Ma il discorso merita di scendere più in profondità.
È vero che i tassi
nominali sono tornati abbondantemente sotto i livelli pre-crisi.
Non può così
però dirsi (se si esclude la Grecia e il Portogallo) per i rendimenti reali,
ovvero quelli depurati per il tasso di inflazione.
Dato che l'inflazione vola
basso (complice un rallentamento della domanda interna) il costo reale del
debito non è molto distante da quello nominale.
In Italia, ad esempio, bisogna
sottrarre lo 0,7% (inflazione di gennaio) al 3,39% dei BTp, da cui si ricava un
costo reale a 10 anni del 2,7%, superiore a quello dei livelli pre-crisi quando
l'inflazione era oltre il 2%.
Ovviamente, sul lungo periodo le nuove emissioni a
questi tassi nominali così bassi potranno offrire un indubbio vantaggio qualora
l'inflazione dovesse riportarsi intorno al 2% (che poi è l'obiettivo della Bce)
e quindi decurtare il debito pubblico in termini reali.
Tuttavia la risalita dell'inflazione rappresenta una sfida ancora da
combattere e molto incerta. Lo dimostra il fatto che domani l'istituto di
Francoforte potrebbe attuare una nuova misura di allentamento quantitativo
(riducendo il costo del denaro, annunciando un nuovo piano di prestito agevolato
alle banche oppure interrompendo la sterilizzazione sugli acquisti di titoli di
Stato). Ulteriore testimonianza che l'economia reale non è ancora in grado di
camminare con le proprie gambe.
Detto questo, in termini reali per quel che riguarda l'«oggi» le condizioni
non consentono improvvisi salti di gioia. E l'altro motivo per cui è presto per
poter cantar vittoria lo si deduce osservando i fondamentali di alcuni dei Paesi
(ex) periferici.
Tra questi possiamo dare uno sguardo all'andamento del debito
estero netto che sintetizza in pratica quanto un Paese è indebitato (sia a
livello pubblico che a livello privato) con il resto del mondo.
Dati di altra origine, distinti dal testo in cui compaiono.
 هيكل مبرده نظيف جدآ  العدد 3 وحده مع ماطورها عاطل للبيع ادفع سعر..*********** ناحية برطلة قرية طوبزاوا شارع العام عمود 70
È una misura
utile per calcolare una posizione di forza o di debolezza di un Paese.
Ovviamente più è alto il debito, più soldi ci sono da restituire (anche in
termini di interessi e cedole) agli investitori stranieri e questo indica
debolezza.
Così come, maggiore è la quota di debito estero rispetto a quello
interno, minore è la redistribuzione del reddito all'interno di un Paese (gli
interessi sul debito interno infatti finiscono nelle tasche di
cittadini/consumatori del Paese).
Bene, i dati di oggi sul debito estero netto (come documenta anche questa
tabella che comprende anche la posizione netta degli investimenti internazionali
che aggiunge al dato sul debito estero anche i flussi derivanti da attività
finanziarie e derivati) sono peggiori rispetto ai livelli pre-crisi.
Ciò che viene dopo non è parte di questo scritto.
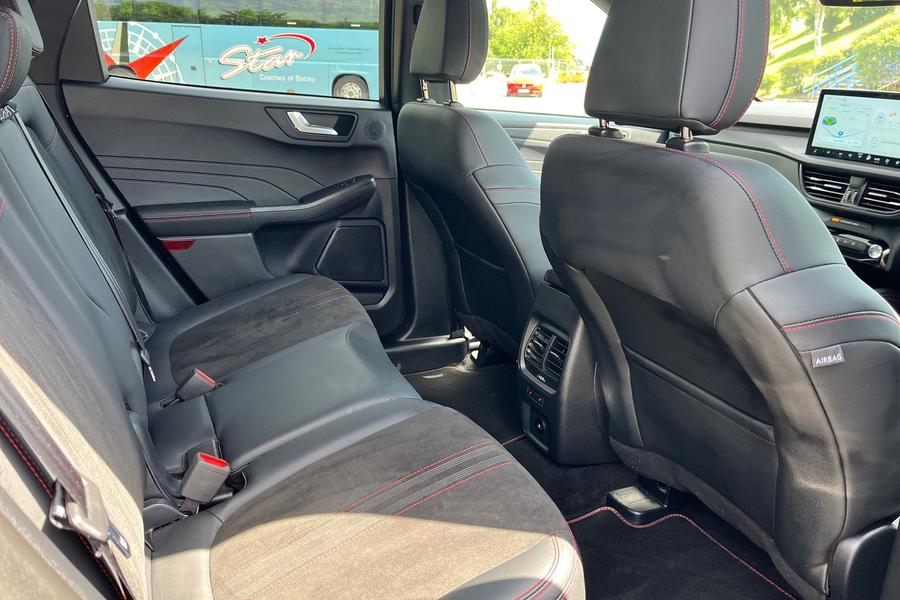 Ford Kuga Photo autoimg-e946de22fb9b14c73c950213e00071143acf3524.jpg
Grecia e Portogallo hanno oggi un debito estero superiore al Pil
(rispettivamente 120% e 101%) quando nel 2007 (in tempi non sospetti e prima
della scoppio della bolla del debito privato che ha dato il là alla crisi
dell'Eurozona) il debito netto estero della Grecia era del 70% e quello del
Portogallo del 64%.
Ma sulla base di questo parametro di vulnerabilità di un
Paese anche la Spagna non se la passa bene.
Viaggia oggi con un debito estero
del 91% (praticamente quanto il prodotto interno lordo) in netto aumento
rispetto al 60% del 2007.
E l'Italia?
C'è stato un aumento dal 41% del Pil al
58% (dal 2007 al 2013) ma si tratta di livelli decisamente più contenuti
rispetto a Spagna e compagnia bella.
Se poi si considerano anche i flussi
finanziari, il rosso dell'Italia verso l'estero è del 27%, vicinissimo al dato
della Francia (-21%) che però paga sul debito pubblico oltre 100 punti base in
meno.
Ancora più distante la Spagna (-96%, i cui bond sono però allineati a
quelli italiani nel premio al rischio sul mercato dei capitali), Portogallo
(-115%), Grecia (-108%) e Irlanda (-107%).
Statistiche che per certi versi confortano l'Italia.
Quando gli investitori
internazionali (quelli che stanno comprando in questi mesi i bond europei perché
affamati di cedole in un contesto di discesa globale dei tassi e in virtù del
rischio abbattuto di deflagrazione dell'euro dopo il «whatever it takes» di
Draghi del luglio 2012) dovessero tornare a guardare i fondamentali (e quindi
anche il debito estero) lo spread tra Italia e gli altri Paesi della
(ex)periferia sarebbe destinato ad ampliarsi a favore di Roma.
Perché, come
visto, non conta solo il debito pubblico.